::: Data extract

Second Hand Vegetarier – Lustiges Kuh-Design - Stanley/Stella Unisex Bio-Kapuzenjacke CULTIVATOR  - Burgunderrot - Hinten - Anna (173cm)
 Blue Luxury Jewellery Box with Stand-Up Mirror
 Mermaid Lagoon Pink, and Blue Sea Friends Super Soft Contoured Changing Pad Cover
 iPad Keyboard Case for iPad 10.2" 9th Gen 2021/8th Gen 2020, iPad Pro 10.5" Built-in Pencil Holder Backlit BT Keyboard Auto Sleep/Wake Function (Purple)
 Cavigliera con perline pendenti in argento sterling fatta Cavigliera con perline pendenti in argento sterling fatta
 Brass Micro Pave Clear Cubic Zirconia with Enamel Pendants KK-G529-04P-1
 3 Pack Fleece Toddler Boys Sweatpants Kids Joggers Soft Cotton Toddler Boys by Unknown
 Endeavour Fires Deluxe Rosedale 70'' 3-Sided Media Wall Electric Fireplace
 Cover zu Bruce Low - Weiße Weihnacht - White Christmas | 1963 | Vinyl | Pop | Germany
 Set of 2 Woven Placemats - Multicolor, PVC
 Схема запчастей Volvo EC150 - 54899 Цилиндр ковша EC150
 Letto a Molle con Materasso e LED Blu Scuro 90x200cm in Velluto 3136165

::::::

→ **Prompt**
Restate verbatim all lines from the start of the data through the line containing "Brass Micro Pave", with both ends kept.

→ **Your solution**
Second Hand Vegetarier – Lustiges Kuh-Design - Stanley/Stella Unisex Bio-Kapuzenjacke CULTIVATOR  - Burgunderrot - Hinten - Anna (173cm)
 Blue Luxury Jewellery Box with Stand-Up Mirror
 Mermaid Lagoon Pink, and Blue Sea Friends Super Soft Contoured Changing Pad Cover
 iPad Keyboard Case for iPad 10.2" 9th Gen 2021/8th Gen 2020, iPad Pro 10.5" Built-in Pencil Holder Backlit BT Keyboard Auto Sleep/Wake Function (Purple)
 Cavigliera con perline pendenti in argento sterling fatta Cavigliera con perline pendenti in argento sterling fatta
 Brass Micro Pave Clear Cubic Zirconia with Enamel Pendants KK-G529-04P-1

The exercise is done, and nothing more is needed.